# Hypnotizing my rabbits, is it bad?



## acjb007 (Feb 5, 2009)

Saw a guy in the paper called the rabbit whisperer. He puts rabbits into a relaxed state before op's or being examined so they don't get stressed. Thought I'd try what he did and.........it works!!! Might sound cruel ( I hope it's not) but all I did was gently stroke my rabbits until calm then gently turn them on their back and massage their front legs and then they go all relaxed and calm. One even falls asleep instantly. Afterwards she is all happy as if shes had a deep sleep.
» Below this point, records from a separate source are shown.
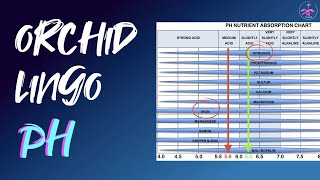Why pH? When to pH? Is pH necessary? What does pH do? #orchidsfertilizing #pHandnutrients screenshot 2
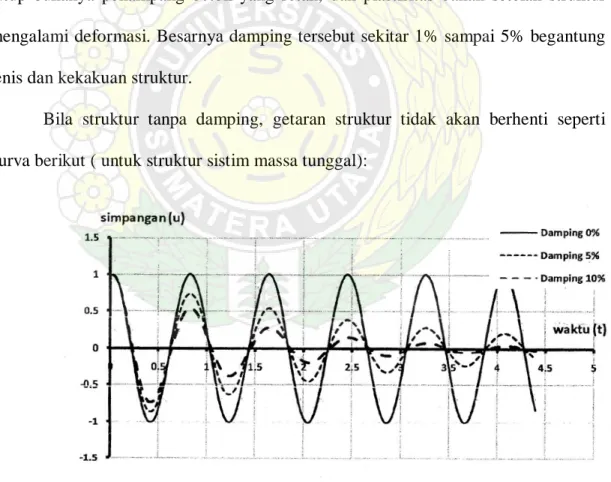 Gambar 3.1. Getaran Bebas Dengan Damping 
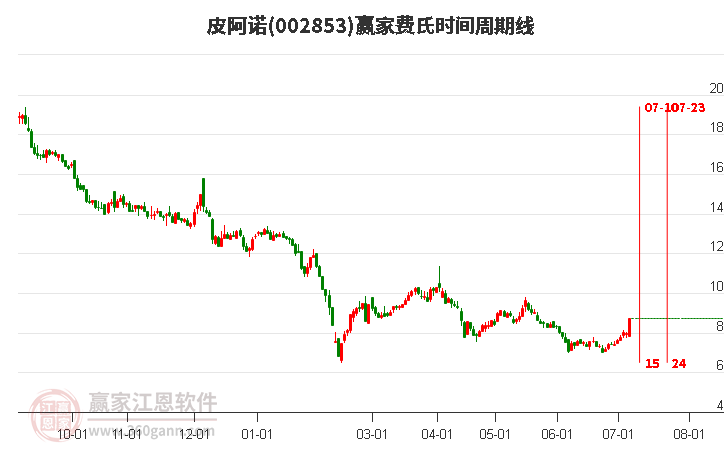 002853皮阿諾費(fèi)氏時(shí)間周期線工具 002853皮阿諾費(fèi)氏時(shí)間周期線工具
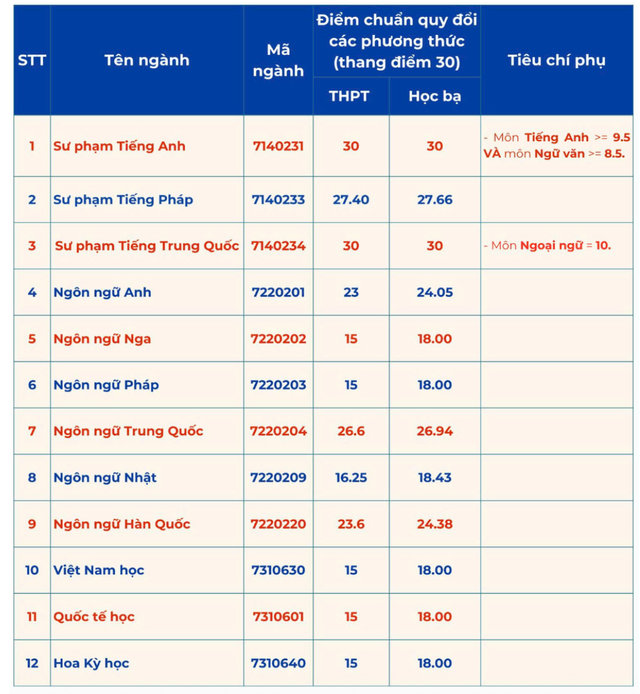 Những ngành học nào phải đạt hơn 9 điểm/môn mới trúng tuyển?- Ảnh 3.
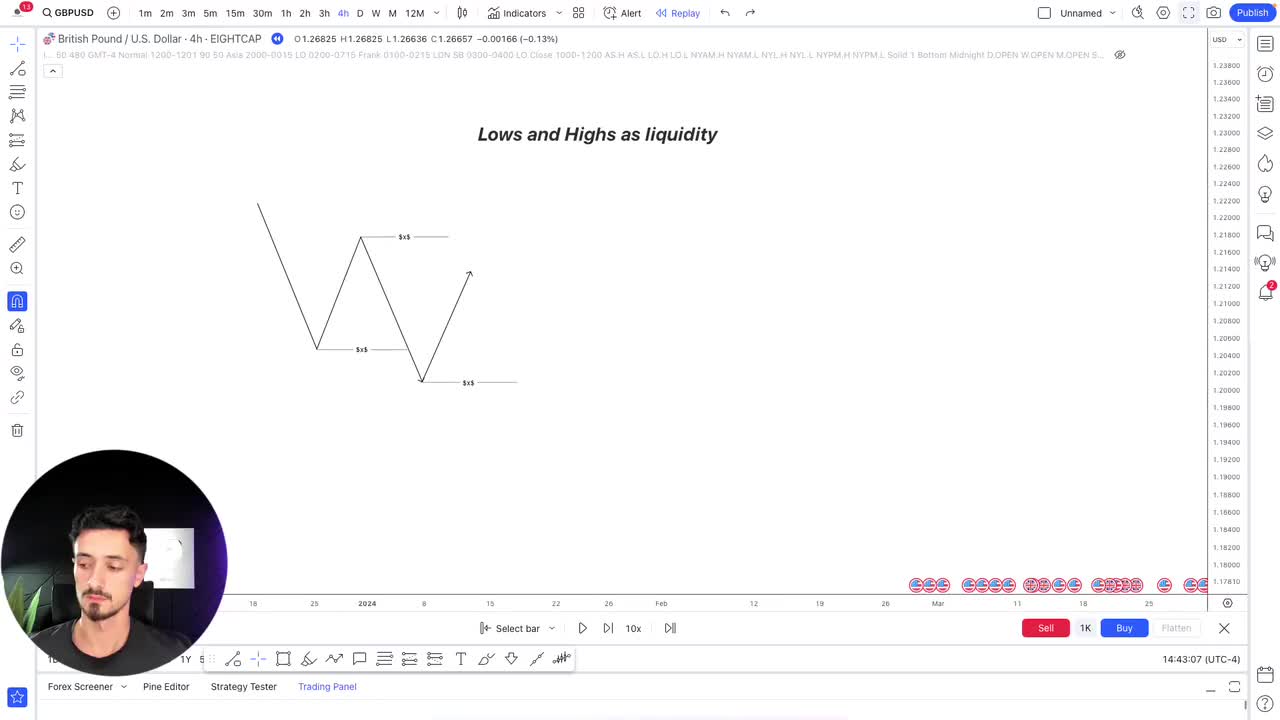 5.2. 理解高低点作为流动性（理论）- 流动性 · 繁荣学派 --- 2. Understanding highs-lows as liquidity (Th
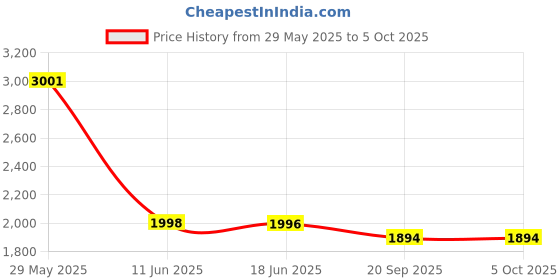 flipkart.com Desi Butik DBMS1009-L Embellished Sherwani Price History Graph from 29 May 2025 to 5 Oct 2025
I was just a bit concerned by turning them on their backs it might restrict their breathing as they become relaxed so fast. Seen video's on youtube

YouTube - Hypnosis for bunnies. Hypnotize rabbit with Wendi Friesen,

of people doing the same thing.

have you done it? Don't want to do it if it's putting them at risk.


----------



## Kammie (Apr 4, 2009)

Its cruel it puts the rabbit in a state of extreme fear, thats why they look relaxed. Its a survival defence they go limp and relaxed so the fox or dog will think the rabbit is dead nad relax thier grip giving the rabbit a chance to bolt. 

I know some breeders use this as a way of clipping nails and generally checking bunnies bellies but these rabbits have had this done to them since birth and are used to it whereas the average person hearing about it and trying it themselves on their own pet rabbit can put the rabbit under a lot of stress.


----------